Right now, in real time, a new category may be being born. Call it Agent Detection and Response. ADR. Logs at the agent level. Behavioral analysis of agents. Anomaly detection on AI agents.

Who owns this market in two years? Probably the existing log-analytics vendors — Splunk, Datadog, Elastic — will all try to bolt agent monitoring onto their products. The big labs — OpenAI, Anthropic, Google — will build their own closed systems. But the most interesting place is where an open standard might emerge. There's a working group inside OpenTelemetry working on semantic conventions for generative-AI telemetry specifically. If they ship production-grade, then within a year or eighteen months the whole industry will share a common format.
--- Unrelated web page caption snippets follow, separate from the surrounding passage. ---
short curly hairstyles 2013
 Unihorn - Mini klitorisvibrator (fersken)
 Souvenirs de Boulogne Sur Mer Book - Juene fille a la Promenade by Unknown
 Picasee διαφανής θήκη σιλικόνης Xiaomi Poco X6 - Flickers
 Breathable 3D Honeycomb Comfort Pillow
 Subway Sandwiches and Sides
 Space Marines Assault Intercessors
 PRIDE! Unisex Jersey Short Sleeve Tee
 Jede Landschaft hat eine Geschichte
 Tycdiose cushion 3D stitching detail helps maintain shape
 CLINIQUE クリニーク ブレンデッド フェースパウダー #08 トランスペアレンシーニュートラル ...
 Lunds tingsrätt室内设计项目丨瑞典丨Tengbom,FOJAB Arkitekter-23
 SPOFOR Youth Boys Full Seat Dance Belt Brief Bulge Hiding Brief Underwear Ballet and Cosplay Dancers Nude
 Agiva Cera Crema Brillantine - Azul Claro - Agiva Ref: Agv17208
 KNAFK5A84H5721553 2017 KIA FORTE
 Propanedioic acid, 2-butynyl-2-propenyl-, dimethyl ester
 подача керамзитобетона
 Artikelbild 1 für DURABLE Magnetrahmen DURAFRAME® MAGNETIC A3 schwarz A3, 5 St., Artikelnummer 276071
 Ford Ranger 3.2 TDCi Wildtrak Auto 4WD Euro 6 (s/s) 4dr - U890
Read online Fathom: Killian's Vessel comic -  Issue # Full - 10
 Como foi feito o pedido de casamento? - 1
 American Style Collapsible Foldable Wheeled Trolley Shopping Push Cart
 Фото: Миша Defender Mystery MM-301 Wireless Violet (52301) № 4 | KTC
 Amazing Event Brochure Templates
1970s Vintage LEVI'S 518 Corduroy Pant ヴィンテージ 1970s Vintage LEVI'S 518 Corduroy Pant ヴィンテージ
And if I'm placing bets — OpenTelemetry wins. Closed proprietary formats historically lose when there's a ready open standard. That's how distributed tracing went — everybody started on their own homegrown systems, then everybody moved over to OpenTelemetry. Agent telemetry, I expect, follows the same trajectory.

Wrapping Up

So, what have we learned from this strange OpenAI post.

First. OpenAI describes a six-layer security architecture for coding agents. Most of it is well-worn DevSecOps, ported onto a new object. But one piece is actually new — the automated reviewer-subagent. A little AI judge that decides whether Codex is allowed to do something.

Second. This reviewer, architecturally, is the same pattern that PROMPTSPY — the malware from the Google report — uses on the attacker side. An LLM oracle that reads context and renders a verdict. Pretty obvious idea, really. We're watching, in real time, the birth of a new standard architectural primitive that works equally well for defenders and for attackers.

Third. There are holes in the post. Not stated: which model — meaning, third-party reviewer agents are competitors, and they'll build their own. Not stated: prompt injection into the reviewer itself — and it absolutely is possible. Not stated: operational metrics — what percentage of decisions is auto-approved, what percentage is handed to a human. Bottom line: think for yourselves.

Fourth. I invented, essentially, a historical parallel to SELinux. And it suggests the automated reviewer is not going to land with the general public. It'll run only in big tech and at organizations with very mature security teams. Everywhere else, it'll be either switched off, or it'll generate so many false positives that programmers will just turn it off. Couple of years and we'll see whether I was right.

Fifth. In the sixth layer of the architecture — agent-level telemetry — a whole new security industry is hiding. Next-generation cybersecurity. With a bit of luck, in a year or so there'll be an OpenTelemetry standard describing what we need for agent telemetry. And the whole market will move onto it.